The priest took his departure; the grave was filled up and the crowd began to disperse.

“Come away home now,” said Sheila Carrol to Norah, who was still kneeling on the wet ground. The girl rose without a word, brushed her dress with a woollen handkerchief and accompanied the beansho from the churchyard.

“Don’t cry, Norah,” said Sheila, observing that tears were still falling down the cheeks of her companion. “Everyone must die and go away just the same as if they had never been at all, for that is the will of God. How is yer mother this morning?”

“Much the same as she was always,” said Norah. “She cannot get rid of her cough, and she has shiverin’ fits of late.... Hasn’t the sea the black heart?”

“Black enough, indeed, my child,” said the beansho. “Your mother will feel it a big lot?”

“Not so much,” said the girl. “She’ll soon be with him, she’s thinkin’.”

“At the wake I heard her say that she would be the last of the family to die. What put that into her head?”

“I don’t know what put it into her head, but if I were to die on the wet road this very minute I wouldn’t care one haet.” On Norah’s face there was a look of infinite sadness, and the pathos of her words cut Sheila to the heart.

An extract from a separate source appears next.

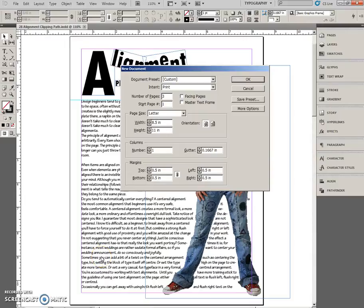Okay, this is the Graphic Clipping Path Alignment exercise, the one with the woman on the right-hand side.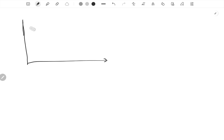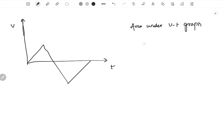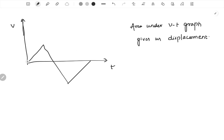Now, what does the area under the velocity-time graph give us? The area under the v-t graph during a particular interval of time gives us the displacement during that interval. For example, if we want to calculate displacement from 0 to t1, we consider the area between the graph and the time axis in the interval 0 to t1 — this vertically shaded portion. If that area is A1, then displacement in that interval is A1.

“Don’t speak like that, Norah Ryan,” she exclaimed. “Death is black and bitter, but there are things much worse than death, things far, far worse.”

They had now reached a stile, and far in front the soft caishin (path) wound on by rock and rath across the broad expanse of moor. Several people, walking one after another, were in front; the soft ooze was squirting under their feet and splashing against their ankles. In the midst of the heather a young bullock lay chewing the cud, and looked upon the passers-by with that stupid, involved look peculiar to the ox; a moor-cock, agitated and voluble, rose into the air and chattered as it swept across the brown of the moor.